Data to examine →

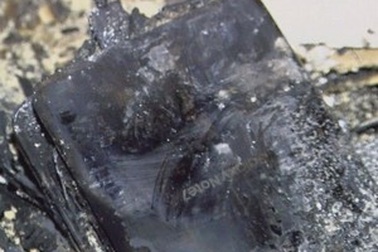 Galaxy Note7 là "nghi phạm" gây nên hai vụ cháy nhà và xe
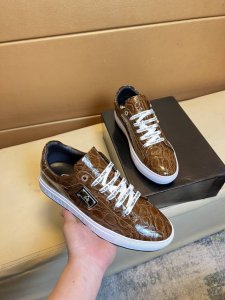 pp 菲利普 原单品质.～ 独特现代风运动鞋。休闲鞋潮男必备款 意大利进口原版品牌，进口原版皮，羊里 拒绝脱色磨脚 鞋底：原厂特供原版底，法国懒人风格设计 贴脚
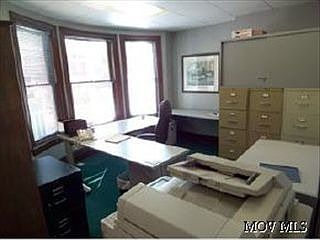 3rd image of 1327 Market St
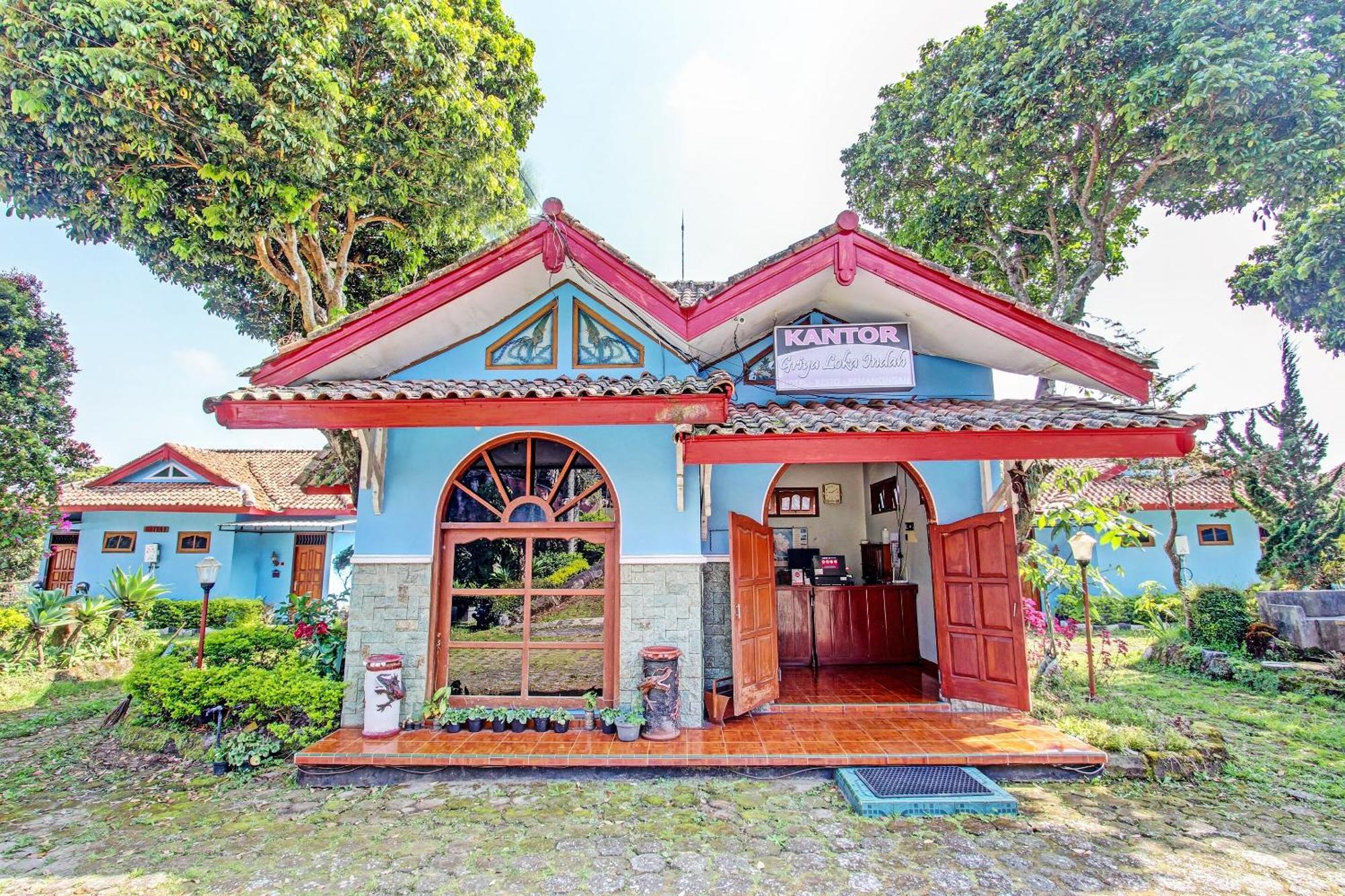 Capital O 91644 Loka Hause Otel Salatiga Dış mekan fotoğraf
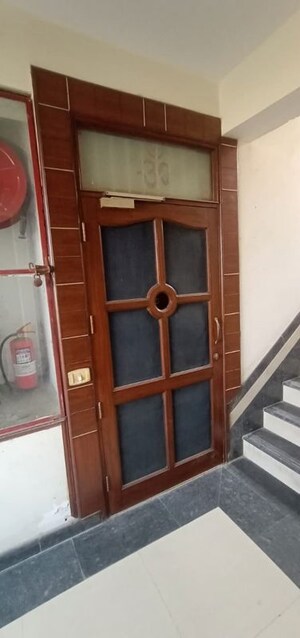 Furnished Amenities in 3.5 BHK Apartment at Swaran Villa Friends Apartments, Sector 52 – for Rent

Problem description →
Would you please repeat each record exactly? Leave the pictures out.

Response to this task →
 Galaxy Note7 là "nghi phạm" gây nên hai vụ cháy nhà và xe
 pp 菲利普 原单品质.～ 独特现代风运动鞋。休闲鞋潮男必备款 意大利进口原版品牌，进口原版皮，羊里 拒绝脱色磨脚 鞋底：原厂特供原版底，法国懒人风格设计 贴脚
 3rd image of 1327 Market St
 Capital O 91644 Loka Hause Otel Salatiga Dış mekan fotoğraf
 Furnished Amenities in 3.5 BHK Apartment at Swaran Villa Friends Apartments, Sector 52 – for Rent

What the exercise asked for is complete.